Go: proposal: unsafe: clarify unsafe.Pointer rules for package syscall

Created on 3 Oct 2019  ·  28Comments  ·  Source: golang/go

unsafe.Pointer's rule 4 says:

Conversion of a Pointer to a uintptr when calling syscall.Syscall.

The Syscall functions in package syscall pass their uintptr arguments directly to the operating system, which then may, depending on the details of the call, reinterpret some of them as pointers. That is, the system call implementation is implicitly converting certain arguments back from uintptr to pointer.

It talks about "the Syscall functions", but on Windows, there's also Proc.Call and LazyProc.Call.

Q1: Are these two functions "Syscall functions"? Strictly speaking, I would interpret "Syscall functions" to mean Syscall{,6,9,12,15,18}. Perhaps the docs should be clarified.

Q2: Do functions have to be called directly, or are indirect calls allowed? The rule explicitly warns that conversions have to be performed directly in the argument list, but it doesn't say anything about indirect calls.

Q3: For Proc.Call and LazyProc.Call, are direct calls via method expressions allowed? E.g., if x.Call(uintptr(p), 0, 0) is valid, then is (*Proc).Call(x, uintptr(p), 0, 0) also valid?

Clarifying this is relevant to determining how far we need to go in fixing #34474.

Incidentally, Q2 and Q3 also apply to rule 5. The status quo there is that cmd/compile safely handles unsafe.Pointer(f(...)) for all f(...), so we do allow indirect and method expression calls to reflect.Value.Pointer and reflect.Value.UnsafeAddr.

/cc @rsc @ianlancetaylor

Proposal Proposal-Hold

All 28 comments

The part you quoted is the rationale. The real rule is in the part you didn't quote:

The compiler handles a Pointer converted to a uintptr in the argument list of a call to a function implemented in assembly by arranging that the referenced allocated object, if any, is retained and not moved until the call completes, even though from the types alone it would appear that the object is no longer needed during the call.

For the compiler to recognize this pattern, the conversion must appear in the argument list:

My answers, such as they are, to your questions.

Q1: Are these two functions "Syscall functions"? Strictly speaking, I would interpret "Syscall functions" to mean Syscall{,6,9,12,15,18}. Perhaps the docs should be clarified.

Per above, the rule applies to any function implemented in assembly. syscall.Proc.Call and syscall.LazyProc.Call are not implemented in assembly, and, as such, this rule does not apply to them.

Q2: Do functions have to be called directly, or are indirect calls allowed? The rule explicitly warns that conversions have to be performed directly in the argument list, but it doesn't say anything about indirect calls.

I think the functions have to be called directly, and we should update the unsafe package docs to say that.
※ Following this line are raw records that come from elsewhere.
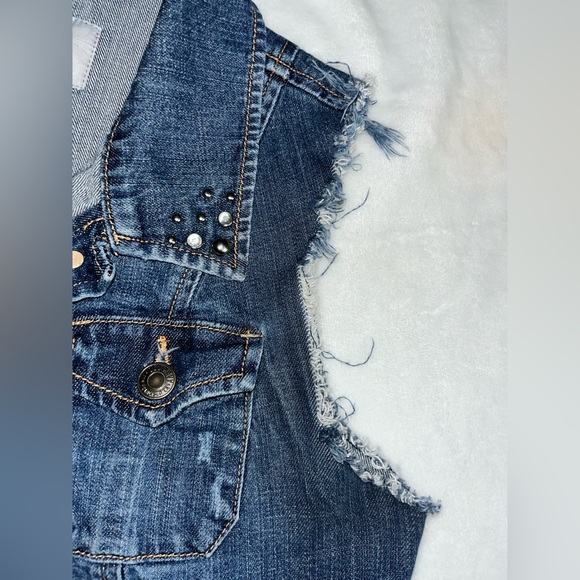 Frida Kahlo Upcycled Embellished Denim Vest - Picture 5 of 13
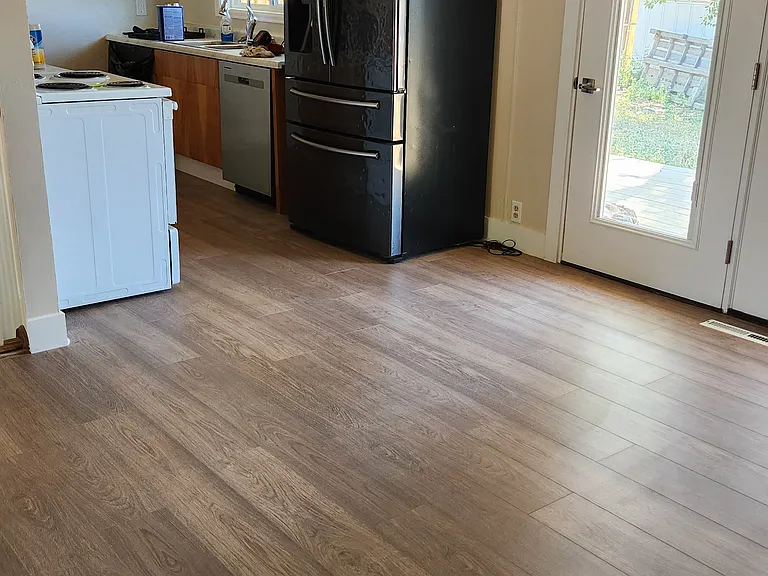 1320 Glenaire Dr — Photo 6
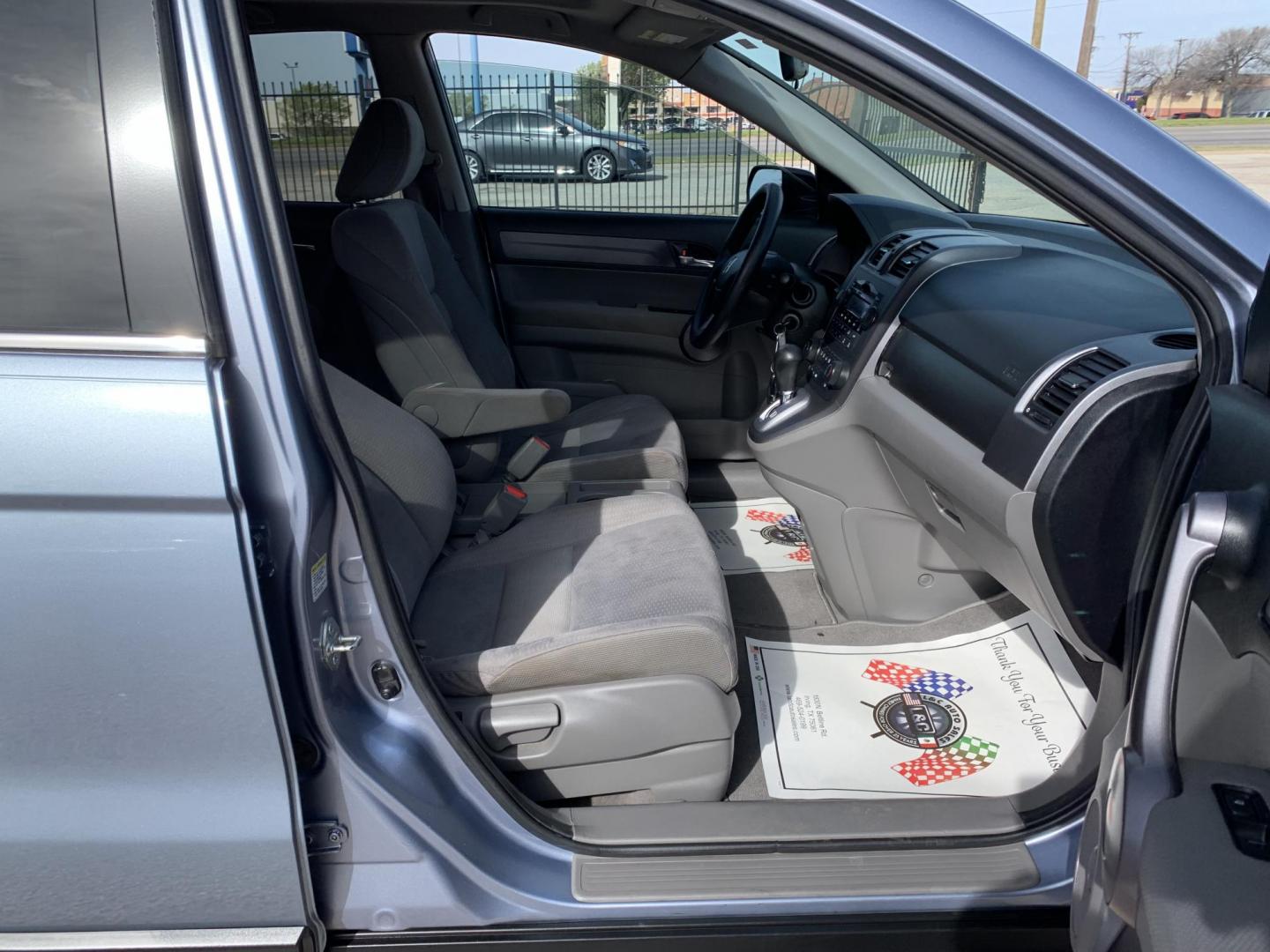 2009 Blue /gray Honda CR-V EX 2WD (JHLRE38539C) with an 2.4L L4 DOHC 16V engine, Automatic transmission, located at 1830 North Belt Line Road, Irving, TX, 75061, (469) 524-0199, 32.834373, -96.993584 - Photo#10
Q3: For Proc.Call and LazyProc.Call, are direct calls via method expressions allowed? E.g., if x.Call(uintptr(p), 0, 0) is valid, then is (*Proc).Call(x, uintptr(p), 0, 0) also valid?

I suppose that first we have to come up with a rule for Proc.Call and LazyProc.Call.

When I introduced go:uintptrescapes for #16035, my thinking was basically that there was no general rule that could make that code work, but since it already existed and people were using it we should at least try to keep those programs working. It wasn't intended to introduce a new general unsafe.Pointer exception, just one for those two methods.

The part you quoted is the rationale. The real rule is in the part you didn't quote:

Hm, I've always interpreted the first line as the rule, and everything below as the rationale, restrictions, and details. For example, that rule 4 is you can convert unsafe.Pointer-to-uintptr when calling syscall.Syscall, and the part you describe as the real rule is just an explanation of the implementation details about how the compilers implement this today (i.e., that syscall.Syscall are implemented as assembly functions, and the compilers generically handle calls to assembly functions this way).

If rule 4 is in fact that all assembly functions should be handled that way (with syscall.Syscall as just a special case thereof), I think we should reword the first sentence to better emphasize that.

Yes, my interpretation is that this applies to all functions written in assembly, since the rule clearly applies to more than the single function syscall.Syscall. But perhaps I am mistaken.

I think making //go:uintptrescapes work correctly for these functions is probably the best way to go, since there really isn't a general rule, it depends on semantics of the OS call.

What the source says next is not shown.